Flow Threat Investigation Notebook

Dependencies

The following python modules will have to be imported for the notebook to work correctly:

    import datetime
    import struct, socket
    import numpy as np
    import linecache, bisect
    import csv
    import operator
    import json
    import os
    import pandas as pd
    import ipywidgets as widgets # For jupyter/ipython >= 1.4
    from IPython.html import widgets
    from IPython.display import display, Javascript, clear_output

Pre-requisites

Execution of the spot-oa process for Flow
Correct installation of the UI Read more
Score a set connections at the Edge Investigation Notebook
Correct setup the spot.conf file. Read more
Include a comma separated network context file. Optional Schema
Include a geolocation database file. Optional Schema

Additional Configuration inside the notebook

top_results - This value defines the number of rows that will be displayed onscreen after the expanded search. This also affects the number of IPs that will appear in the Timeline chart.

Data source

Data should exists in the following tables: flow flow_threat_investigation

Input files
All these paths should be relative to the main OA path.
Schema for these files can be found here:

iploc.csv
networkcontext_1.csv

    context/iploc.csv
    context/networkcontext_1.csv

Output
The following tables will be populated after the threat investigation process: flow_storyboard flow_timeline

The following files will be created and stored in HDFS.

    globe-\<ip>.json
    stats-\<ip>.json:
    threat-dendro-\<ip>.json

FUNCTIONS

Widget configuration

This is not a function, but more like global code to set up styles and widgets to format the output of the notebook.

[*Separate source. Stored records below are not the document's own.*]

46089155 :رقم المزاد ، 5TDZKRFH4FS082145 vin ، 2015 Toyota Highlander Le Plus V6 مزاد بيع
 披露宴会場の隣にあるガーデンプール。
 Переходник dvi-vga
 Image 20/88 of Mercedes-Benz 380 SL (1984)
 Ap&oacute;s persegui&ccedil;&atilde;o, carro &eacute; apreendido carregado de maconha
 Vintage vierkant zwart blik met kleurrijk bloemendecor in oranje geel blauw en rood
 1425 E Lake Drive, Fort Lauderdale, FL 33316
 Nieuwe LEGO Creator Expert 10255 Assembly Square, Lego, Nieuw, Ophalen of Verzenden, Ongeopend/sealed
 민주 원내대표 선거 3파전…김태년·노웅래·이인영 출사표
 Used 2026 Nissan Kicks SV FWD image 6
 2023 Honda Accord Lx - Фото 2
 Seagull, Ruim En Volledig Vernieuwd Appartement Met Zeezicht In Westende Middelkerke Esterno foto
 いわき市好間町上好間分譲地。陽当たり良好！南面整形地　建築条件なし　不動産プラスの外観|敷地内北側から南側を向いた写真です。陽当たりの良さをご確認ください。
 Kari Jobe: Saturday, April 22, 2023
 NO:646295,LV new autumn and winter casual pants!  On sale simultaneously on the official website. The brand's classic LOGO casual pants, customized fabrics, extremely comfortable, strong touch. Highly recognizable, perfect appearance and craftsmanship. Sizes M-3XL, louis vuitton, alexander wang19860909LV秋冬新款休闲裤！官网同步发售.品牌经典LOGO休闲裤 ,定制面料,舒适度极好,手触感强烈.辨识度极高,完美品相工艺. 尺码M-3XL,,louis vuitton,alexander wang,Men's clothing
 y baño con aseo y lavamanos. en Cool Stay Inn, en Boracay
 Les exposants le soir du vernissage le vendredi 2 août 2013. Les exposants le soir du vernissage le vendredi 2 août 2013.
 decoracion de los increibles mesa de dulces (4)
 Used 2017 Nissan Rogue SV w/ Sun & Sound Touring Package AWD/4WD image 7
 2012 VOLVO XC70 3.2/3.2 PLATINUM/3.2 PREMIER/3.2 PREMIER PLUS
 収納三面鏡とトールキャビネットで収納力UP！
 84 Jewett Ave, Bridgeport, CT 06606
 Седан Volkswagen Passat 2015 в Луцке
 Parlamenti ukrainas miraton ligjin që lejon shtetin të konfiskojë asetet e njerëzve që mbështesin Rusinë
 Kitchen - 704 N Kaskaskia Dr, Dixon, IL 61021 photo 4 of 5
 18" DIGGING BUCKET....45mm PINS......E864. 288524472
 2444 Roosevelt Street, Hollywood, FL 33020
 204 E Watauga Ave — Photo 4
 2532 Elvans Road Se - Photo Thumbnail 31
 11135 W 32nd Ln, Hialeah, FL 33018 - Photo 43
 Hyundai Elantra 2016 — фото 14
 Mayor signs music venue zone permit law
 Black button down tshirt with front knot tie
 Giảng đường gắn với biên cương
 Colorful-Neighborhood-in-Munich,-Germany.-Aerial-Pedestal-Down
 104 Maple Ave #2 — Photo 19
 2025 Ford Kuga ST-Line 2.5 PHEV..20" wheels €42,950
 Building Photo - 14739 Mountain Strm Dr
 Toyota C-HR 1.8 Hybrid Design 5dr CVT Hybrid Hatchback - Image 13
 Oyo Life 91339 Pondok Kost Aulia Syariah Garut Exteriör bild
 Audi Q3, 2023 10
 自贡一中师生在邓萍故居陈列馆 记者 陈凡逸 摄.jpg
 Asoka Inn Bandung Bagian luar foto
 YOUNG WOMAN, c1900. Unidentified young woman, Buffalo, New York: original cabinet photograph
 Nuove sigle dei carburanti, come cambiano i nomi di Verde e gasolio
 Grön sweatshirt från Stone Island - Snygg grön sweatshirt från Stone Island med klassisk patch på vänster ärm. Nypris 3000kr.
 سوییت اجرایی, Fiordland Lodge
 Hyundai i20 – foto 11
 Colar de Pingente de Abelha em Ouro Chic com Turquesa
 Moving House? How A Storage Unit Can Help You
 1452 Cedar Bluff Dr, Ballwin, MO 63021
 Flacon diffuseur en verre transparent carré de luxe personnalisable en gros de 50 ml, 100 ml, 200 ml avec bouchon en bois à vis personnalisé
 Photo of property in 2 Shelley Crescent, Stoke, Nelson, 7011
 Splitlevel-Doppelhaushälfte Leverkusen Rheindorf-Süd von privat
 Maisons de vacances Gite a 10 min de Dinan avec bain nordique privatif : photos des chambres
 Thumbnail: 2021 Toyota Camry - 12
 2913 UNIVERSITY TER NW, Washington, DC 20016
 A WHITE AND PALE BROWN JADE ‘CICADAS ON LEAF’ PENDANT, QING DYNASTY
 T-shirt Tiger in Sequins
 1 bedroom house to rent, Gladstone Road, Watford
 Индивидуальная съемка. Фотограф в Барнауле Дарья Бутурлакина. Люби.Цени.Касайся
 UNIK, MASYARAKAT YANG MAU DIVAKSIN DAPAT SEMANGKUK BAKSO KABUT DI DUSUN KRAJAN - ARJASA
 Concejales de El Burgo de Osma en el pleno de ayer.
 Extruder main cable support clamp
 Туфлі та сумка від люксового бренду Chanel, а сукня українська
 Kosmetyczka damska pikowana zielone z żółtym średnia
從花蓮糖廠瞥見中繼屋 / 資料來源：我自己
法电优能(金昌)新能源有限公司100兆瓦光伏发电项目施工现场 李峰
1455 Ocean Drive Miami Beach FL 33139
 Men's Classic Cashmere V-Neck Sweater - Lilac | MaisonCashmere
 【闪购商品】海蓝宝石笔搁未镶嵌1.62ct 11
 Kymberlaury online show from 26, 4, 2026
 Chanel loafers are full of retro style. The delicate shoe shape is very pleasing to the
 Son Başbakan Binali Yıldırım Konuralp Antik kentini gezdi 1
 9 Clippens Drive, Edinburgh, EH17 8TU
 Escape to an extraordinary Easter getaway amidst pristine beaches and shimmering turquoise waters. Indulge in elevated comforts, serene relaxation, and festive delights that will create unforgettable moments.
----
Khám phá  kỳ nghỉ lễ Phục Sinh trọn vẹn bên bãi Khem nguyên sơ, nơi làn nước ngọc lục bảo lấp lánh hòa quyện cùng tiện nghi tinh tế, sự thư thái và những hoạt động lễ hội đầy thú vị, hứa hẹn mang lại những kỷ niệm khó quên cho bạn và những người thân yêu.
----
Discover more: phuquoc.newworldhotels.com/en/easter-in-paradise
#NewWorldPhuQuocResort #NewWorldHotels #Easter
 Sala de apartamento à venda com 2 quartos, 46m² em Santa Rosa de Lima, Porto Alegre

start_investigation(): - This function cleans the notebook from previous executions, and calls the threats query to get the source and destination IP's previously scored as high risk.

display_controls(threat_list): - This function will display the ipython widgets with the listbox of high risk IP's and the “Search” button.

search_ip() - This function is triggered by the onclick event of the “Search” button after selecting an IP from the listbox. This calls the graphql threat / details query to find additional connections involving the selected IP.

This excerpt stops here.